In The Simpsons, a “beautify Springfield” project shows a wave of progress sweeping over the city. It turns ugly people beautiful, broken down cars into Lambos, and the homeless into mailboxes. Emily in Paris accomplishes the same feat over the course of an entire season without being in on the joke.

I do not mind flight-of-fancy shows with low stakes. One of my favorite shows is Frasier, which seems to exist only to allow Dr. Frasier Crane to sleep with impossibly beautiful women while sipping sherry. It’s okay to have a vacation show where your mind turns off and you wander through a daydream.

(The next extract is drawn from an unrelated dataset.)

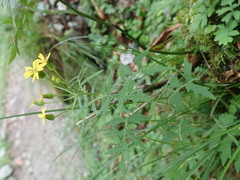 Nemosenecio formosanus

And it’s also okay for this to be a white woman’s fantasy. There is nothing wrong with catering to a female, predominantly white, audience. It’s also entirely possible, given the wide reach of this show, that many women of color also enjoy Emily in Paris. That’s fine. It shows a working woman having the time of her life and only succeeding. Life is complex. Emily in Paris is not. It’s just a fantasy.

What hurts the most is what that fantasy actually looks like. A culturally diverse Paris, with its huge African population, does not exist in this fantastical world. In this fantasy, the people of color are the sassy best friends, or the single, gorgeous exceptions that prove the rule.

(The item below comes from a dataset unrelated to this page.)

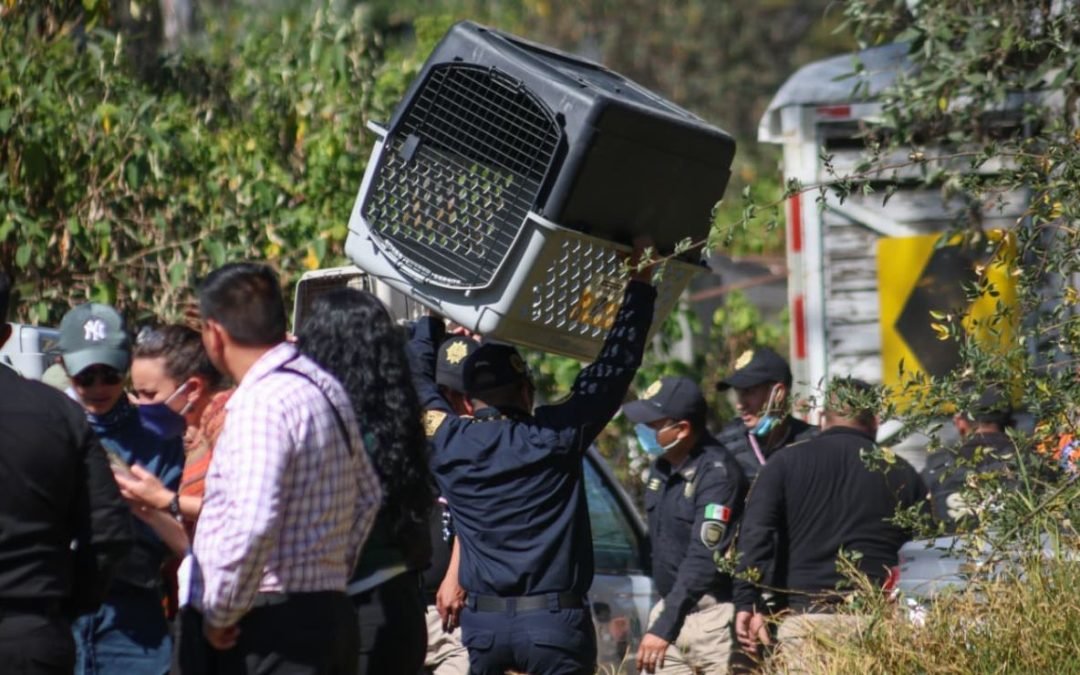 Desalojan refugio animal en CDMX por presunto maltrato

Criticism around this show has worked itself into knots trying to make sense of why this show has become popular. The negative takes have given way to “this show is a rousing screed against good taste in the best possible way” and “I hate it but I can’t stop watching”. In my opinion, it’s a much simpler issue. You can have low stakes, but it’d be nice if it was funny. You can have characters that never change, but they should be interesting. Emily in Paris is neither.

I only wish that the parameters that the A.I. that created this show had been a little freer, allowing room for the weird and abstract and unique. Even a simple bot can write a fairly interesting sitcom plot. There are other kitschy, “trashy” female-focused fantasies on Netflix like the impossibly interesting A Christmas Prince. In that movie, a woman shows that she’s “quirky” because she wears Chucks. It’s great.

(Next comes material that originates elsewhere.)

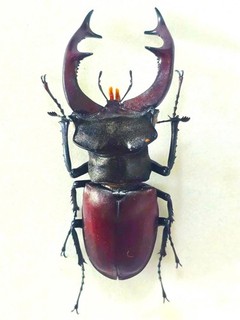 LUCANUS CERVUS CERVUS MALE HUGE!!! 74MM REDDISH!!! LUCANIDAE FRANCE RARE!!!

Darren Star, the creator of this A.I., wrote one of the stupidest and most fun action films of the 90s, If Looks Could Kill. Andrew Fleming, one of the show’s directors, did both The Craft and Hamlet 2. If only more of the creators’ inspiration had filtered down to their mechanical task machine, we might have had something weird and interesting.

Instead, we have one of the most popular shows in the world.

Casey Karaman is a writer, performer, improviser, and teacher who has worked with the Washington Improv Theater. He has performed in multiple theater productions, most recently in Second City's production...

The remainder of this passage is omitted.